____ Given data

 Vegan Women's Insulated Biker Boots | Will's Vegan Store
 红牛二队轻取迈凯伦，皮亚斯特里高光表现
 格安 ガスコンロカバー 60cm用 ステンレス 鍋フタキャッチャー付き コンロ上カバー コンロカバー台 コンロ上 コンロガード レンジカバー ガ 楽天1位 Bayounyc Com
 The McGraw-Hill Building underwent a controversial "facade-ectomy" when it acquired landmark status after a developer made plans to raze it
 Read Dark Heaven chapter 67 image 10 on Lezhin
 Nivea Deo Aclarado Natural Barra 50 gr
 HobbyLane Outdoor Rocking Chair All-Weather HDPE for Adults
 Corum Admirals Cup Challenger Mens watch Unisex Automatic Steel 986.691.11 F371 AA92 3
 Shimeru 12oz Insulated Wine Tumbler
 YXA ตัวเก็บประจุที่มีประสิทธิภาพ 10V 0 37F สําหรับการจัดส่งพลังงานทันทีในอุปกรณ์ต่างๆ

________

■ Assignment: Return the count of lines in the entries above that include the word "Insulated", without any added text.

■ Task solution: 2